Input for this task
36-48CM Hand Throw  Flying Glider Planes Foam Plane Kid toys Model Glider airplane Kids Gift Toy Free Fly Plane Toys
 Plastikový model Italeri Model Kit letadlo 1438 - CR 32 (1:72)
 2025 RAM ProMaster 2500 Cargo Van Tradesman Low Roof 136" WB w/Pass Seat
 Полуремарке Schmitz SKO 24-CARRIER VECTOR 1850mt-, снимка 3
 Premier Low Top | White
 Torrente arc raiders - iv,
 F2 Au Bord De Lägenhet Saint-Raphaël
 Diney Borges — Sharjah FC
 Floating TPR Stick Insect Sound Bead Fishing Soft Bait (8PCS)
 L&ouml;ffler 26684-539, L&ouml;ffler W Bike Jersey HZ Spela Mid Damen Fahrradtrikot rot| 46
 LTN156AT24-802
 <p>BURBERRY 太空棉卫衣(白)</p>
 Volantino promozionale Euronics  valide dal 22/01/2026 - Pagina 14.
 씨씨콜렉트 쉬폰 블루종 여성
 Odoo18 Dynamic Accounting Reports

Work order
A verbatim copy of every record is what you should return.

Result
36-48CM Hand Throw  Flying Glider Planes Foam Plane Kid toys Model Glider airplane Kids Gift Toy Free Fly Plane Toys
 Plastikový model Italeri Model Kit letadlo 1438 - CR 32 (1:72)
 2025 RAM ProMaster 2500 Cargo Van Tradesman Low Roof 136" WB w/Pass Seat
 Полуремарке Schmitz SKO 24-CARRIER VECTOR 1850mt-, снимка 3
 Premier Low Top | White
 Torrente arc raiders - iv,
 F2 Au Bord De Lägenhet Saint-Raphaël
 Diney Borges — Sharjah FC
 Floating TPR Stick Insect Sound Bead Fishing Soft Bait (8PCS)
 L&ouml;ffler 26684-539, L&ouml;ffler W Bike Jersey HZ Spela Mid Damen Fahrradtrikot rot| 46
 LTN156AT24-802
 <p>BURBERRY 太空棉卫衣(白)</p>
 Volantino promozionale Euronics  valide dal 22/01/2026 - Pagina 14.
 씨씨콜렉트 쉬폰 블루종 여성
 Odoo18 Dynamic Accounting Reports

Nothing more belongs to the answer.